Correct. Primers bind to end of the target DNA strands, then taq polymerase synthesizes a new strand using the target DNA as a template.

11

Which of the following molecules is not required for a PCR reaction?

Ligase
Primer
DNA
DNTPs

Ligase

Ligase is not required for a PCR reaction. The enzyme used during PCR is a thermostable DNA polymerase.

12

The thermostability of Taq polymerase is required during the annealing phase of PCR.

True
False

False

The annealing phase takes place at the lowest temperature of PCR. Taq polymerase is derived from bacteria that live in hot springs, so the enzyme is thermostable, meaning that its enzymatic properties can withstand the high temperatures needed for denaturation.

13

What is the purpose of raising the temperature to 90–95°C at the beginning of each cycle of PCR?
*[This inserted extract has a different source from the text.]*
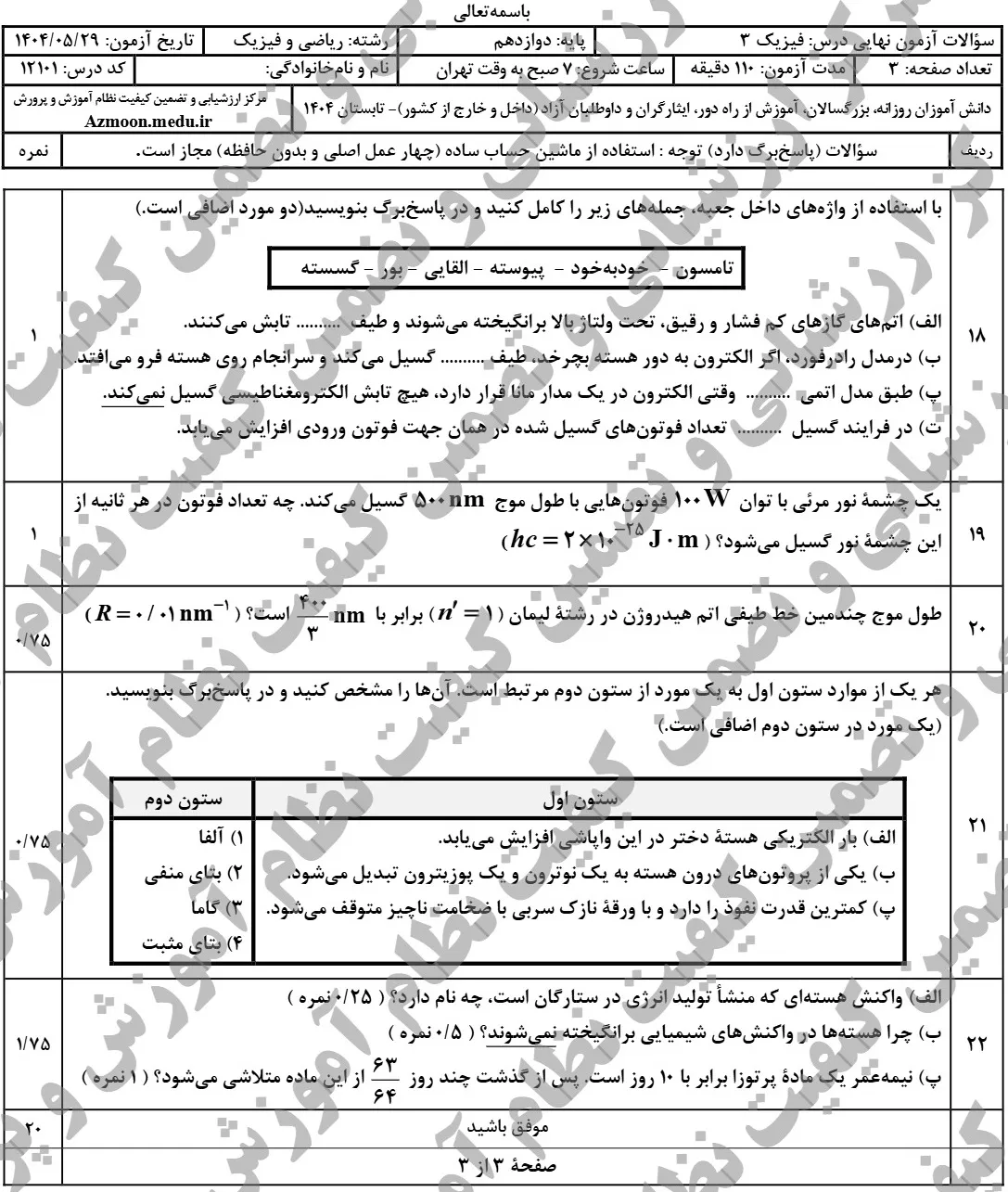 سوالات نهایی فیزیک دوازدهم ریاضی مرداد شهریور ۱۴۰۴ + پاسخنامه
To renature two single DNA strands
To extend the primer
To separate the double‑stranded DNA
To attach the primer

To separate the double‑stranded DNA

The temperature is raised to denature the double‑stranded DNA molecule into single strands.

14

Which of the following statements about manual Sanger sequencing is true?

One sequencing reaction is performed.
Each of the four terminating ddNTPs is labeled with a different fluorescent dye.
The DNA sequence is read from the top of the gel to the bottom.
The DNA sequence obtained is complementary to the template strand.

The DNA sequence obtained is complementary to the template strand.

The DNA fragments produced in sequencing reactions are synthesized by DNA polymerase to be complementary to the template strand.

15

What is the function of restriction endonucleases in bacteria?

They serve no function.
They allow bacteria to genetically recombine with other bacteria.
They provide a defense mechanism against infection by viruses.
They allow bacteria to engineer new DNA fragments.

They provide a defense mechanism against infection by viruses.

Restriction endonucleases recognize and degrade viral DNA, thus preventing viral infections.

16

Which of the following statements about ddNTPs is true?

They have a free 3′‑hydroxyl group on the sugar.
They have a hydrogen at the 3′ carbon of the sugar.
DNA polymerase can add a new dNTP to a 3′ ddNTP.
They have an oxygen at the 2′ carbon of the sugar.

They have a hydrogen at the 3′ carbon of the sugar.

ddNTPs terminate synthesis because there is no 3′‑hydroxyl group onto which DNA polymerase can add nucleotides.

17

DNA fragments that are 600 bp long will migrate more quickly through a sequencing gel than fragments that are 150 bp long.

True
False

False

Small DNA fragments have less hindrance in moving through the gel, so they migrate more quickly than larger fragments.